Научная лаборатория «Театр. Пространство. Культура» и журнал «Театр.» провели в РГГУ совместное заседание «(В)место театра: великая реконструкция Большого», на котором обсудили церемонию торжественного открытия ГБТ после реконструкции.
«Театр.» публикует некоторые фрагменты этого длинного обсуждения.
Юлия Лидерман,
доцент кафедры истории и теории культуры РГГУ,
руководитель научной лаборатории «Театр. Пространство. Культура», создатель сайта www.theatrummundi.org
Внутри гала-концерта было несколько «метафор» театрального здания, на которых интересно остановиться. Многие из этих метафор и сюжетов концерта можно, как мне кажется, объяснить принципами постдраматического театра, выделенными Х.-Т. Леманном.
Во-первых, Большой театр был представлен как архитектурное сооружение. Во время концерта демонстрировался видеоклип смены фасадов. Штриховка карандаша заполняет фасад, и мы видим сначала один архитектурный эскиз, потом второй, потом третий, четвёртый и пятый.

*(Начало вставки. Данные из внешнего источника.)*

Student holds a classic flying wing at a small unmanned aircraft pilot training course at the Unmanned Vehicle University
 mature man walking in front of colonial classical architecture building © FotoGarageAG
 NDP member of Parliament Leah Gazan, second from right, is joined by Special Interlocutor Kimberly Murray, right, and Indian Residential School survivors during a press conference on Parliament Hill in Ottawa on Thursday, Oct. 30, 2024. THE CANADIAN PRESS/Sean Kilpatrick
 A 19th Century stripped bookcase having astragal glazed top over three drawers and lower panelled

Во-вторых, здесь было представлено здание как место в городском ландшафте — его символическая выделенность, близость к центру. Внутри Москвы есть зона, на которую распространяет свое влияние и свой флёр Большой театр, в самом представлении это обрело несколько сценических, постановочных эффектов. Или постановочных сюжетов. Из «Золушки» вальс был поставлен так, что там танцуют деревья вокруг фонтана в сквере театра. И, конечно, видеопроекция о поклонниках Козловского и Лемешева, которые ждут своих кумиров: такая интермедия, где миманс разыгрывает сценку.
В-третьих, это дом театральной труппы. С одной стороны, все время говорится, что это большой коллектив, с другой — что он живет интимной, семейной жизнью. И, по-моему, только в рамках этой метафоры понятно, откуда возникает сентиментальный фильм почти в конце гала-концерта. Фильм, где ушедшие и ныне живущие звезды Большого театра произносят слова любви, страсти, страха перед этим пространством, этим домом, этой семьей.
И последнее — театр как памятник. Память, мемориал, memoria. Хотя здесь метафора сложнее: с одной стороны, памятник, с другой — полная реконструкция. Памятник в отличие от просто архитектурного сооружения хранит ключи к воспоминаниям.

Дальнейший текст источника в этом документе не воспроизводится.